But that’s the obvious stuff. What dazzled all of the foreign visitors was a floor filled with tube amplifier manufacturers. And you thought that the Chinese only made the actual tubes themselves. Oh, were we wrong

Baroque was demonstrating a small, two-box tube pre-amplifier, while Paradise showed a line-up of black-glass-fronted integrated amplifiers, fetching trimmed with green or orange lettering. Hong Deng showed a slick line-level tube pre-amp, while VAS has a range including pre-amps, phono stages and power amps. Shenzen, one of the bigger brands, filled a room with a vast line-up including stereo and mono amps and an amplifier kit for under $250. Shifa offered something for everybody, including monoblocks containing 40 – yes, forty – EL34s, another monoblock containing 18 63P3s, a selection of inetgrated amplifiers, single-ended triode designs, 300B-equipped amps of every stripe – it was overwhelming. Even more shocking was the realization that the amplifiers cost less in China than the tubes on their own would cost in the West.

Orpheus, too, had a selection of separates and integrated units, including power amplifiers reminscent of old Dynacos. Opera has a handsome two-chassis pre-amp which was so well-built as to appear American, driving the company’s own stereo power amps and monoblocks. PEAK used EL34s in its stereo amplifier, as did Silsonic in its integrated amps. Spark rivalled Shifa for sheer product selection, with 300B-equipped monoblocks, integrated amps, pre-amps, stereo power amps, all looking very Western. And then there were the brands not at the show but which I learned about on the grapevine: Panda, BOM, Hong Da, Elegancia, Audio Monitor, Unistar

A brief impression? The Chinese tube amps are unusual, clever and in some cases even sonically stunning. They’re priced to sell cheaply in China, but quick calculations put off any visitors with thoughts toward distribution abroad when they learned that adding duty, tax and the requisite margins would set the Chinese hardware up against the more-affordable native product on its own turf, like Sonic Frontiers in the USA or Audio Innovations in the UK. So, even with the seemingly low prices of Chinese-made amplification, import status always manages to mitigate against bargains.

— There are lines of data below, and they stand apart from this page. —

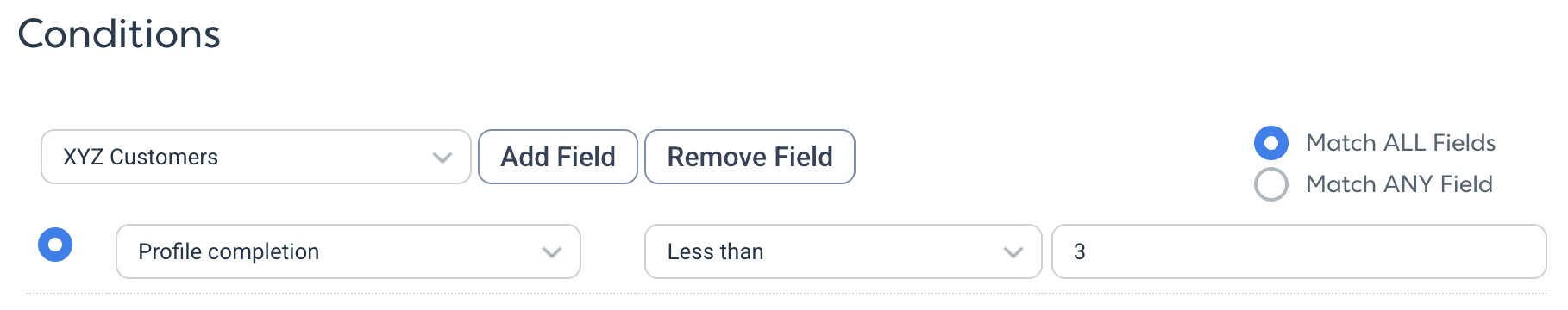 conditional-profile-under-3.png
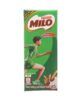 Malt Barley Milo Cocoa Drink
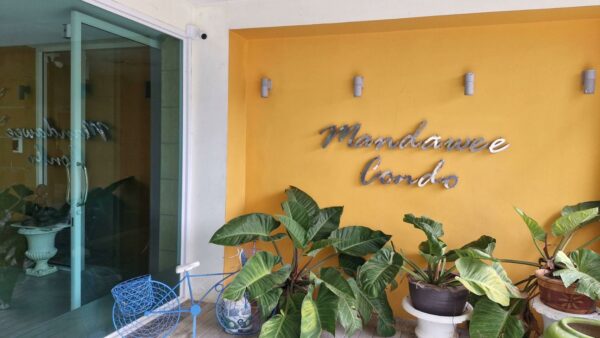 Residential apartment _photo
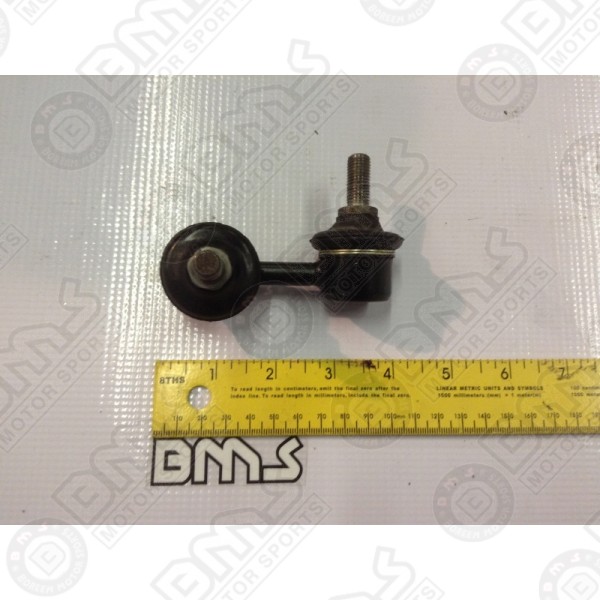 R BALL JOINT, STABILIZER BAR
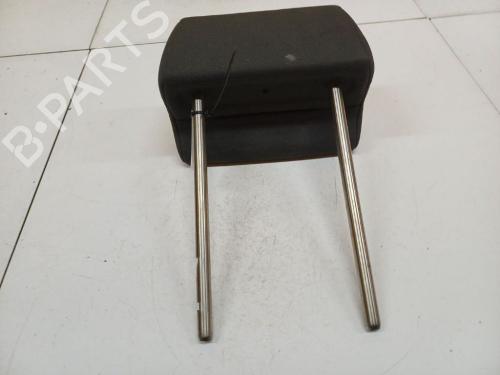 Headrest SEAT TOLEDO III (5P2) 2.0 TDI 16V | BP40519354I31 - Image 4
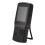 (Black) Handstrahlungsdetektor LCD Echtzeit USB 2500mAh 4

Then there was the build quality. Trying not to discourage these brave innovators, I have to say that the Chinese tube amp makers still have a bit to learn about construction, if less so about aesthetics. But when they do figure out how to drill and mill and assemble to standards acceptable to American, Japanese and European hi-fi consumers, watch out: 40 EL34s per channel seems mighty tempting to me…

(Audio, 1995)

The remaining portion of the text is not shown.